‘Alice, Darling’ movie review: Anna Kendrick is riveting in this tale of emotional abuse

Mary Nighy’s directorial debut is the veritable definition of slow burn and a supremely effective one at that  

May 30, 2023 01:54 pm | Updated 06:24 pm IST

A still from ‘Alice, Darling’ 

A still from ‘Alice, Darling’  | Photo Credit: @lionsgateuk/YouTube

As Alice (Anna Kendrick) goes to meet her friends, Tess (Kaniehtiio Horn) and Sophie (Wunmi Mosaku), for a drink, we immediately realise this is a very wound-up young woman. The relentless pings from her phone cause her to jump and she is constantly touching her hair. We see her earlier winding a lock of her hair so tight around her finger as to cut off the circulation.

Alice, Darling 
Director: Mary Nighy
Cast: Anna Kendrick, Kaniehtiio Horn, Charlie Carrick, Wunmi Mosaku
Storyline: A woman tries to end her abusive relationship, when on a holiday with her close friends
Run time: 89 minutes

The cause of Alice’s distress is gradually revealed to be her boyfriend, Simon (Charlie Carrick), a pretentious, controlling older man. With Tess’s 30th birthday coming up, the women decide to spend a week at Sophie’s parents’ house on the shore of Lake Ontario — the parents are in Florida. Alice comes along after lying to Simon about it being a work trip to Minneapolis.

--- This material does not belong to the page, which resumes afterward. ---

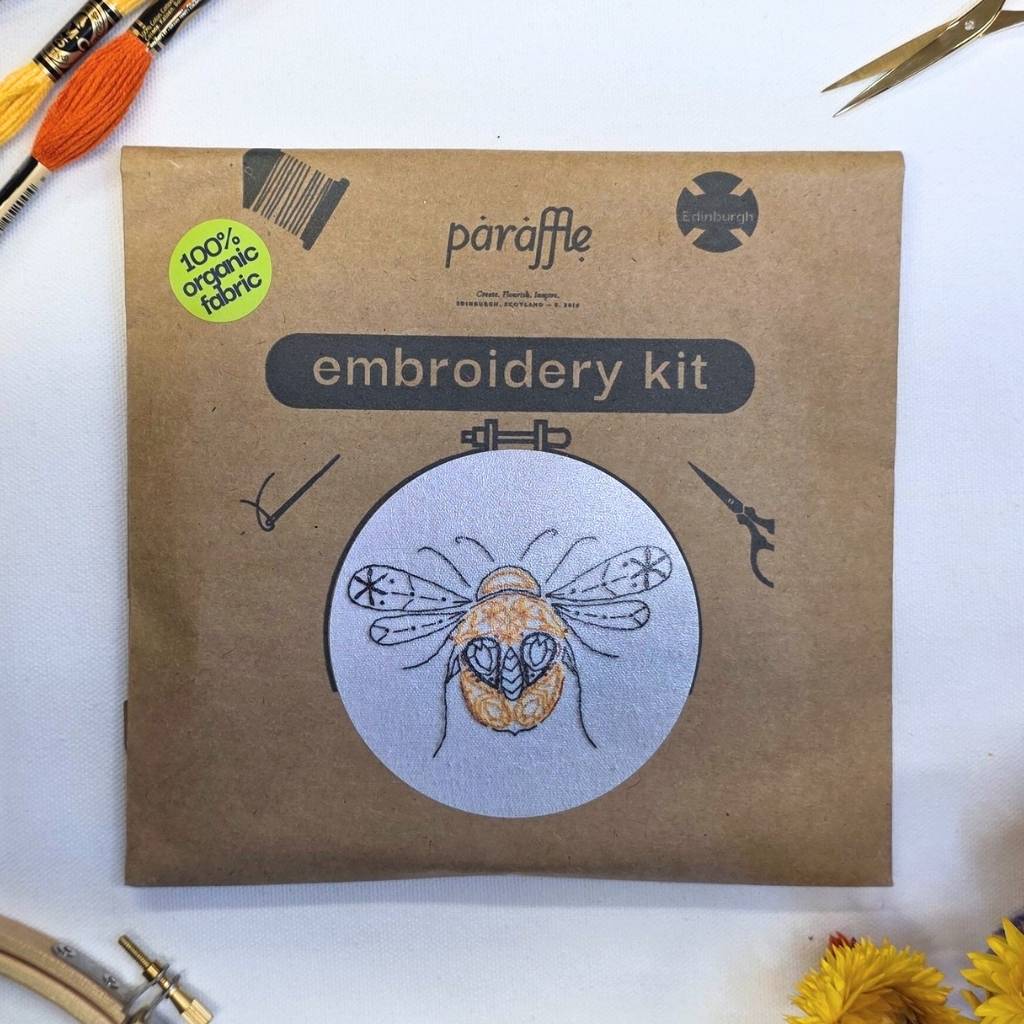 6 Inch Paisley Bee Hoop Kit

On the trip, away from Simon, within the protective embrace of her girlfriends, in the serene surroundings, Alice makes some tough choices. On the way to the house, the friends stop at a convenience store where they see a flyer for a missing girl, Andrea. Alice becomes obsessed wondering if Andrea too fled an abusive relationship.

Alice, Darling is anchored by Kendrick’s performance — her practising how to broach the topic of the all-girls trip to Simon, that painful hair pulling and in a million other ways, she reveals Alice’s fear of this man who claims to love her and her self-loathing for not being able to walk away. Kendrick has said in interviews that her relationship to an emotionally abusive older man informed and inspired her decision to work in this movie.

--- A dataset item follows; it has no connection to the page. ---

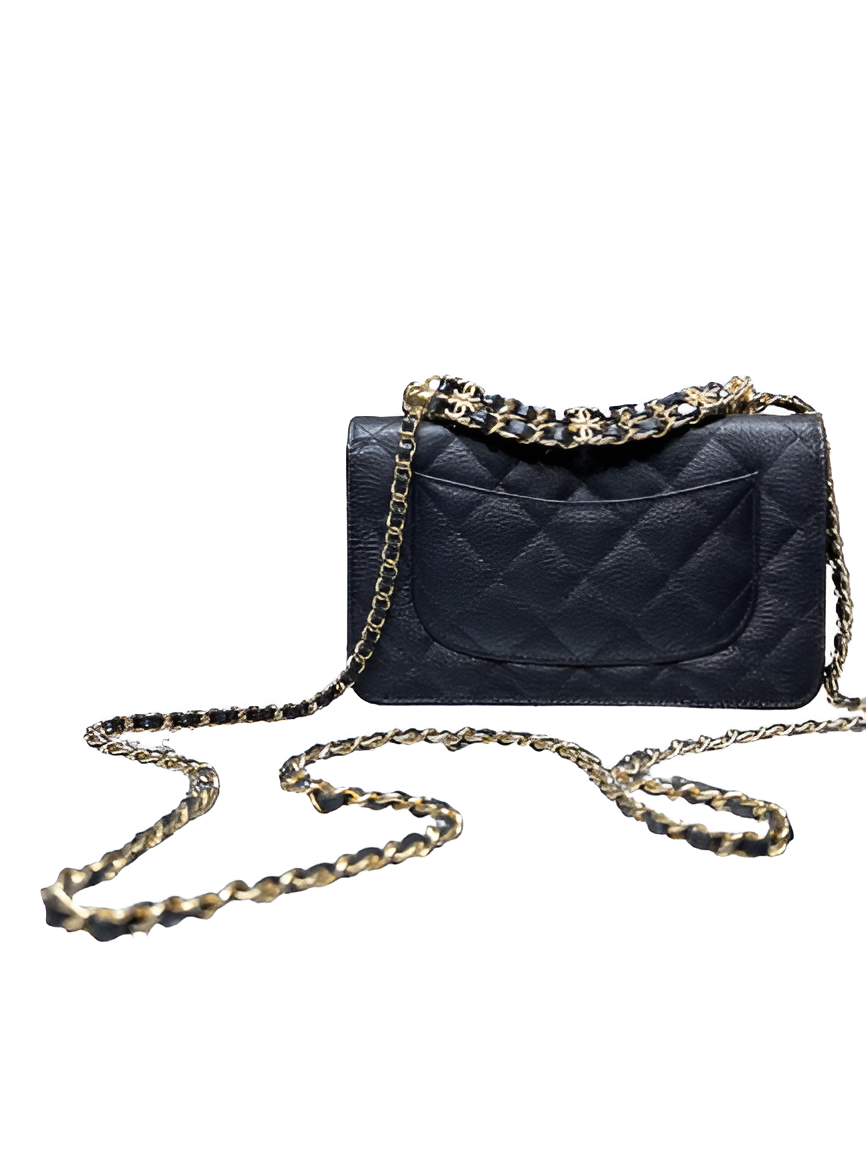 CHANEL Quilted Black Shoulder Bag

Apart from the emotionally abusive Simon, Alice, Darling (that comma conveys such weight!) celebrates female friendships. While it is not Carrie and company discussing labels and love over lunch at some fancy restaurant, Alice, Darling underlines the role of sisterhood. Though that scene of Alice wielding a maul to chop wood would have been a nice foreshadowing for Simon to get his just desserts, by opting for a non-Hollywood resolution, Alice, Darling is kept real. The thriller in the description is a misnomer and all expecting full on Lisbeth-Salander style revenge for the bad guy might be disappointed. However, if you are willing to spend time with Alice and her spunky friends, satisfaction is guaranteed.